5.         Compared to chemicals, some toxins have the advantage of being more stable, with some being both relatively simple to manufacture and extremely toxic. Anthrax spores are considered attractive, among other reasons, for their relative hardiness against adverse environmental conditions, as shown by their ability to survive for decades on the Scottish island of Gruinard after biological warfare experiments during World War II.

6.         The threat of biological terrorism increases as sciences such as microbiology, biotechnology, molecular biology and genetic engineering develop at a high pace. The products of these sciences can be genetically modified organisms or biological agents with predetermined characteristics potentially dangerous for man and for the environment. As a consequence, the continued development of such sciences should be conditional on states ensuring that the biological agents produced cannot be used as potential terrorist weapons.

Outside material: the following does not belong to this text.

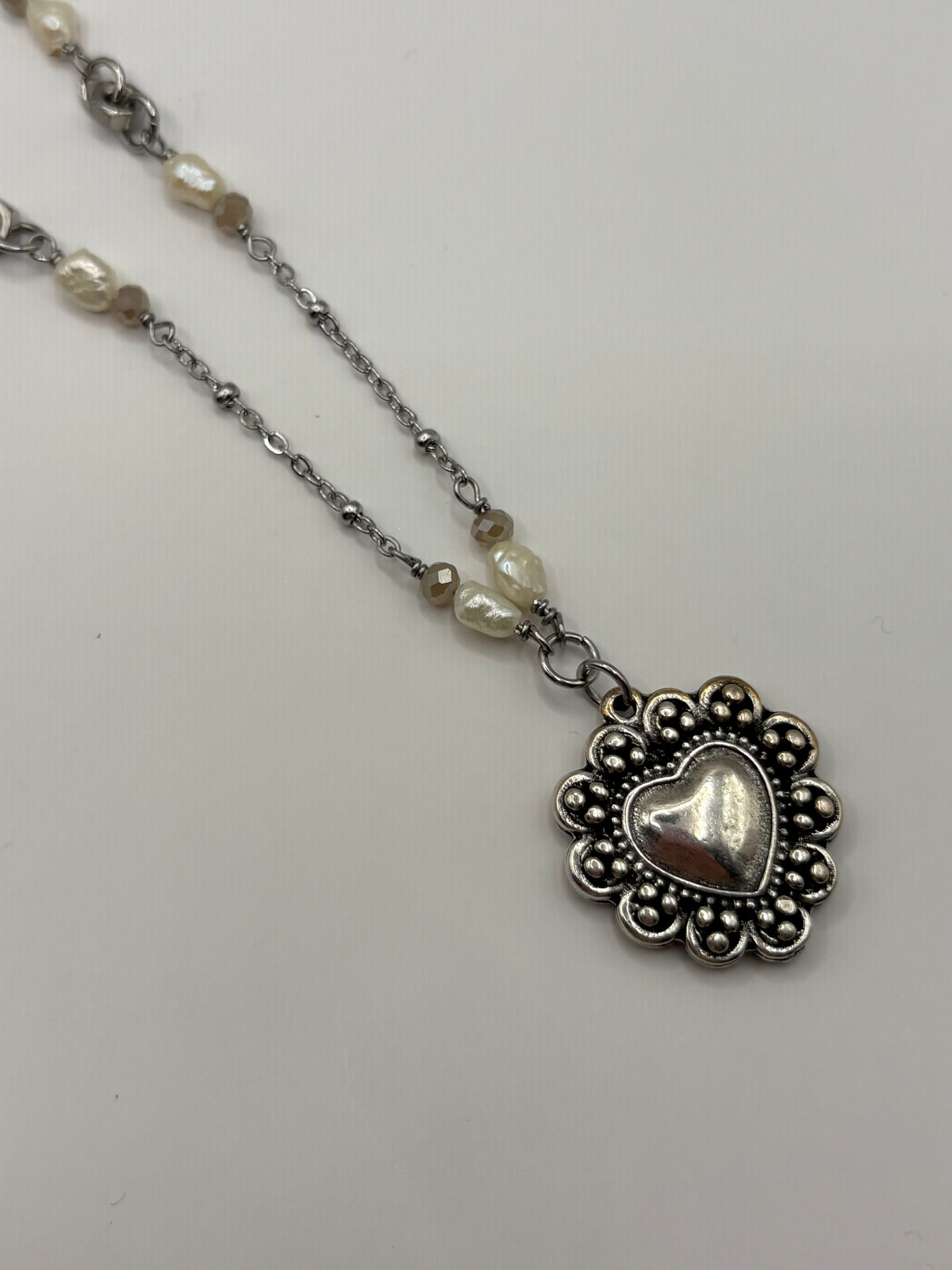 Collana CuoreVintage con perle scaramazze e dadi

7.             Two international instruments in particular are relevant: the Convention on the Prohibition of the Development, Production, Stockpiling and Use of Chemical Weapons and on their Destruction (the Chemical Weapons Convention (CWC)) and the Convention on the Prohibition of the Development, Production and Stockpiling of Bacteriological (Biological) and Toxin Weapons and on Their Destruction (the Biological and Toxin Weapons Convention (BTWC)). The former prohibits the development, production, stockpiling and use of chemical weapons and the latter bans the development, production, stockpiling, acquisition and retention of microbial or other biological agents or toxins, in types and in quantities that have no justification for prophylactic, protective or other peaceful purposes. It also bans weapons, equipment or means of delivery designed to use such agents or toxins for hostile purposes or in armed conflict.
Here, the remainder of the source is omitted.